** DATA FOR REVIEW follows **
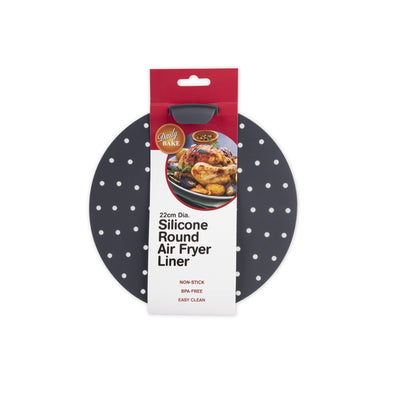 Daily Bake Silicone Round Air Fryer Liner in Packaging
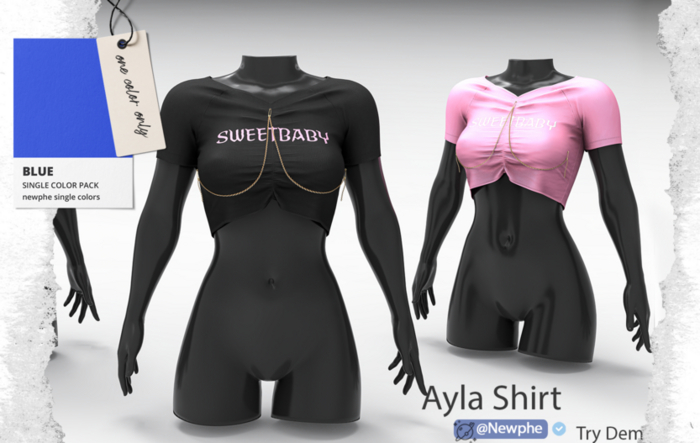 Newphe - Ayla Shirt - Blue
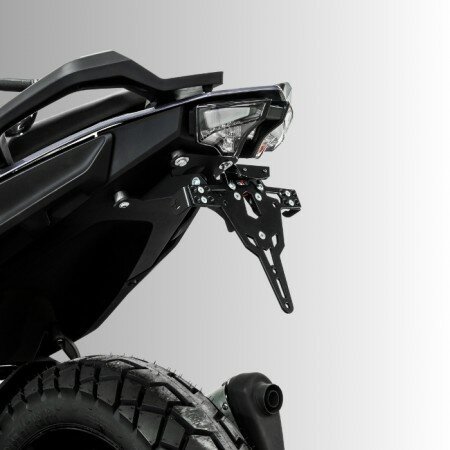 Kennzeichenhalter PRO | KTM 390 Adventure | 19-24 verstellbar | schwarz | inkl. Reflektorhalter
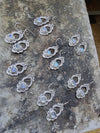 925 SOLID STERLING SILVER NATURAL BLACK ONYX GEMSTONE HOOK EARRING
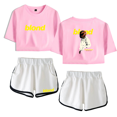 thumbnail image 1 of Frank Ocean Merch Blond Blonde Boy Don't Cry Crop Top T-shirt With Shorts Hip Hop Rapper T Shirt Women Girls Short Sleeve Tees Merch, 1 of 2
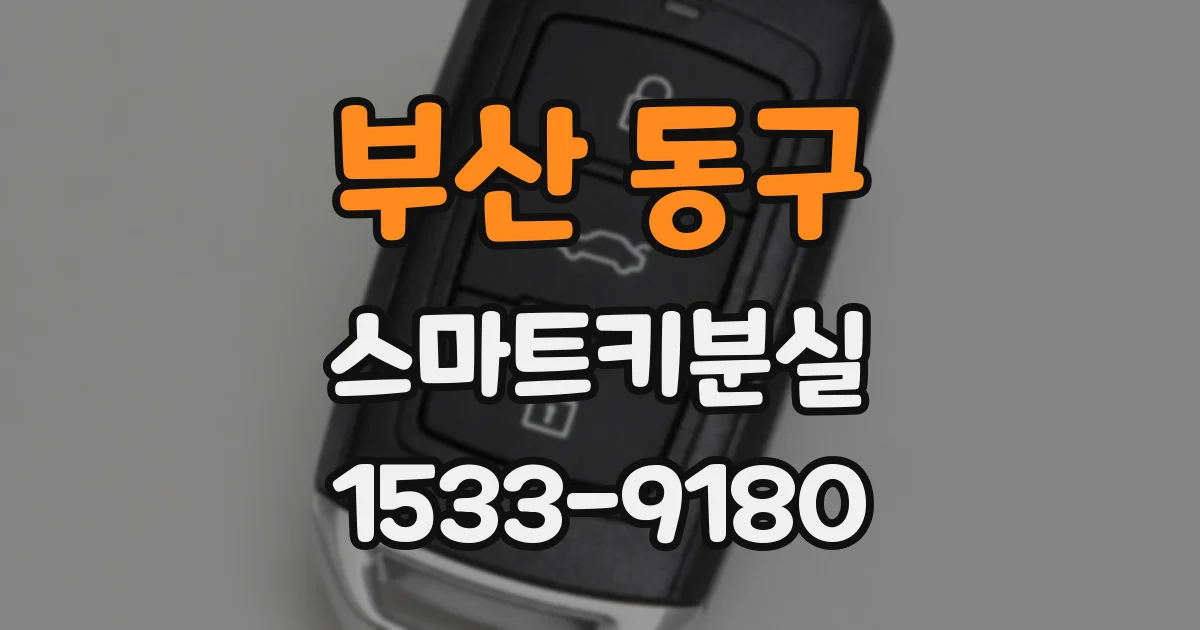 부산 동구 스마트키분실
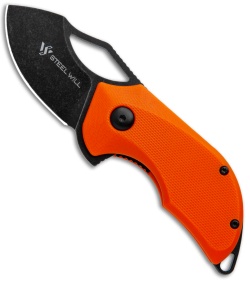 Steel Will Kobold Liner Lock Knife Orange G-10 (1.75" Black Stonewash) F66-22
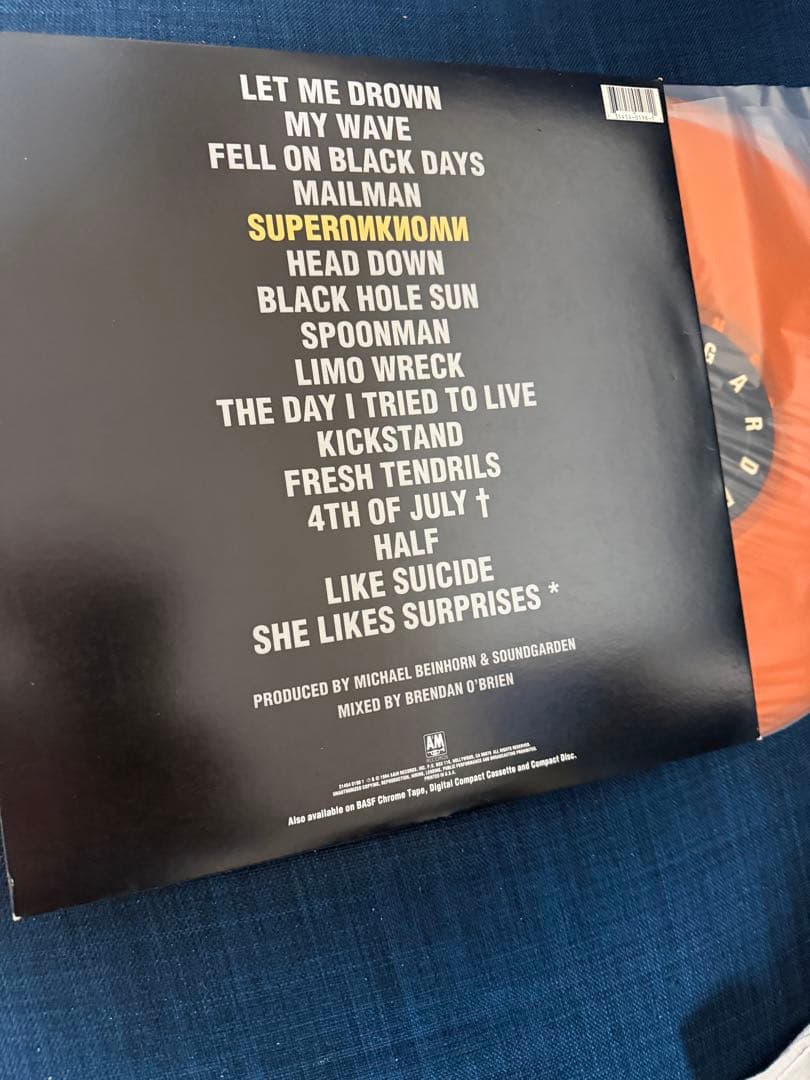 soundgarden superunkown US限定レコード！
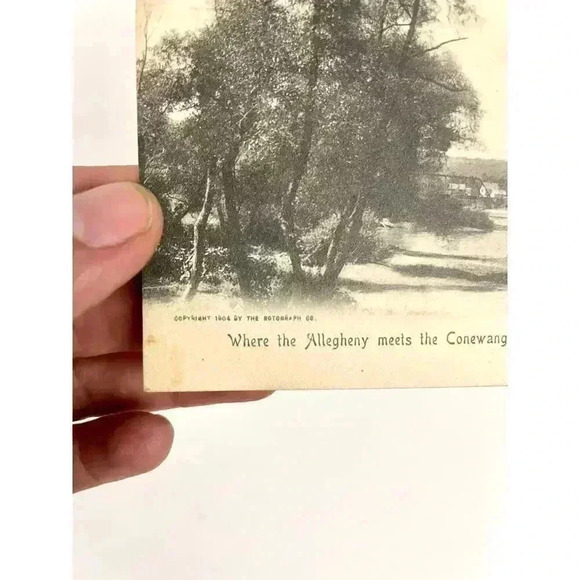 1905 Postcard Where the Allegheny meets the Conewango Warren PA RPPC Antique - Picture 6 of 6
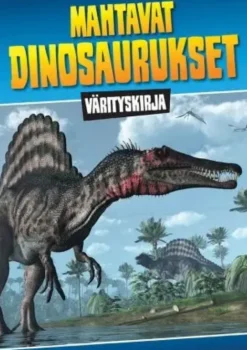 Mahtavat dinosaurukset värityskirja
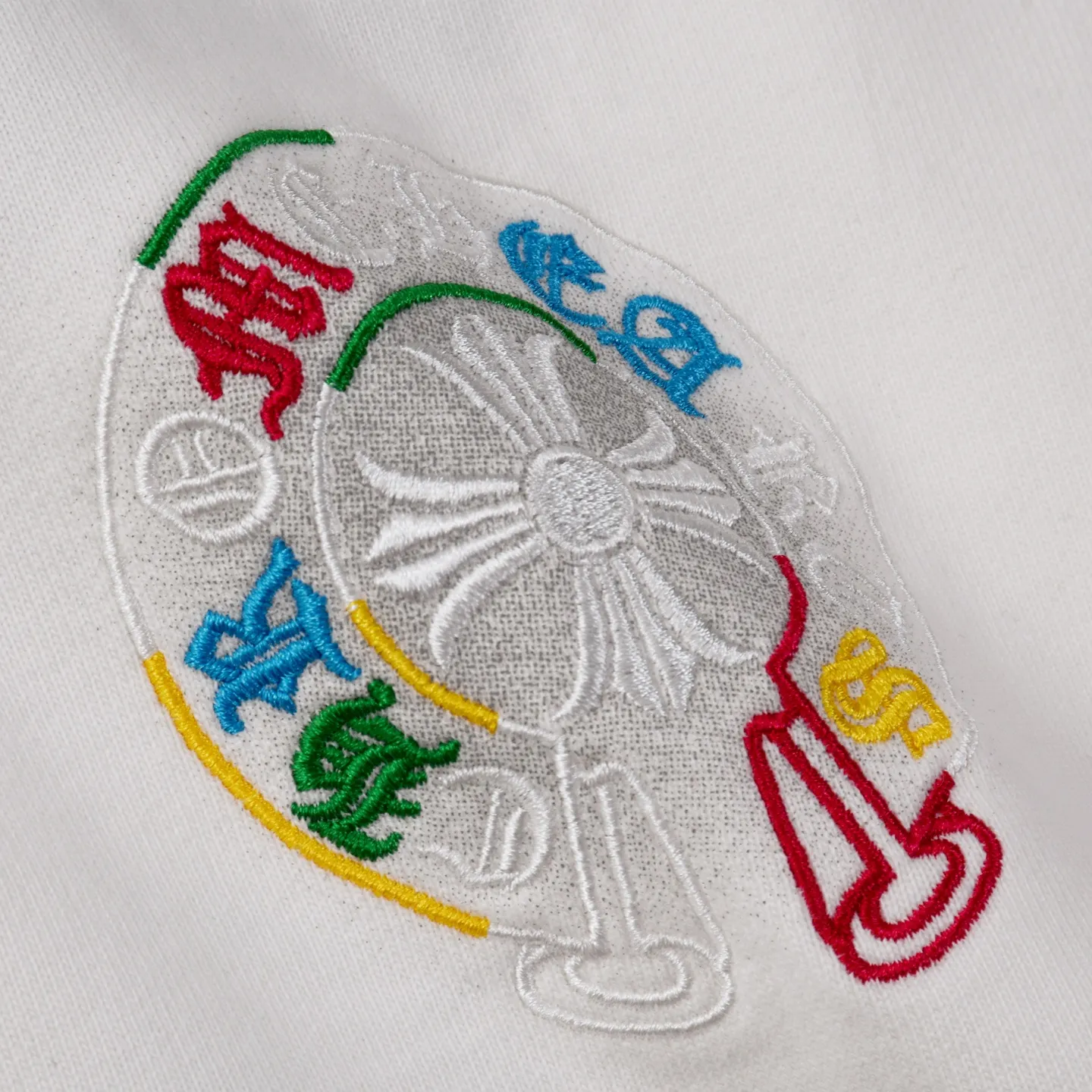 Embroidered Logo Cotton-Blend Hoodie D20021637 — view 6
** End of DATA FOR REVIEW **
Restate word for word the lines beginning with the one that contains "Kennzeichenhalter PRO |" and ending with the last line of the listing; pictures stay out.

◆ SOLUTION BELOW:
 Kennzeichenhalter PRO | KTM 390 Adventure | 19-24 verstellbar | schwarz | inkl. Reflektorhalter
 925 SOLID STERLING SILVER NATURAL BLACK ONYX GEMSTONE HOOK EARRING
 thumbnail image 1 of Frank Ocean Merch Blond Blonde Boy Don't Cry Crop Top T-shirt With Shorts Hip Hop Rapper T Shirt Women Girls Short Sleeve Tees Merch, 1 of 2
 부산 동구 스마트키분실
 Steel Will Kobold Liner Lock Knife Orange G-10 (1.75" Black Stonewash) F66-22
 soundgarden superunkown US限定レコード！
 1905 Postcard Where the Allegheny meets the Conewango Warren PA RPPC Antique - Picture 6 of 6
 Mahtavat dinosaurukset värityskirja
 Embroidered Logo Cotton-Blend Hoodie D20021637 — view 6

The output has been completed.